▸ What to work on:
The lines to repeat are those below from the one containing "The View from" down to the one containing "7638 Pebble Creek", both included; reproduce them exactly and nothing else.

▸ Exercise material:
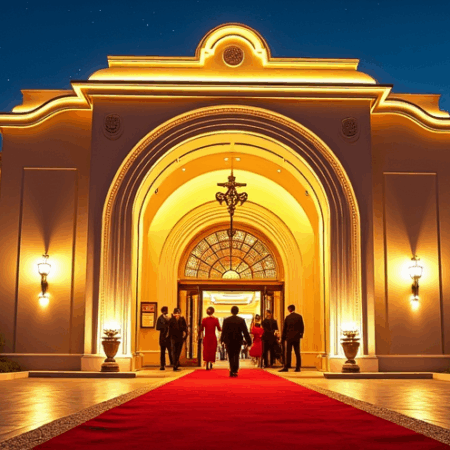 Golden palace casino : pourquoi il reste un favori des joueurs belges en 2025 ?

* * *

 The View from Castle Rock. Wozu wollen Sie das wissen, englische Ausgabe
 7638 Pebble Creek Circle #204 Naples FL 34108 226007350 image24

* * *

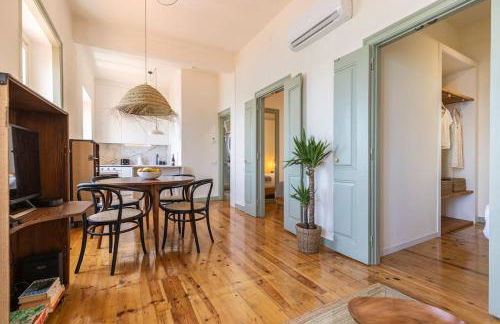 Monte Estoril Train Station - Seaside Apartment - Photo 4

▸ Answer for this exercise:
 The View from Castle Rock. Wozu wollen Sie das wissen, englische Ausgabe
 7638 Pebble Creek Circle #204 Naples FL 34108 226007350 image24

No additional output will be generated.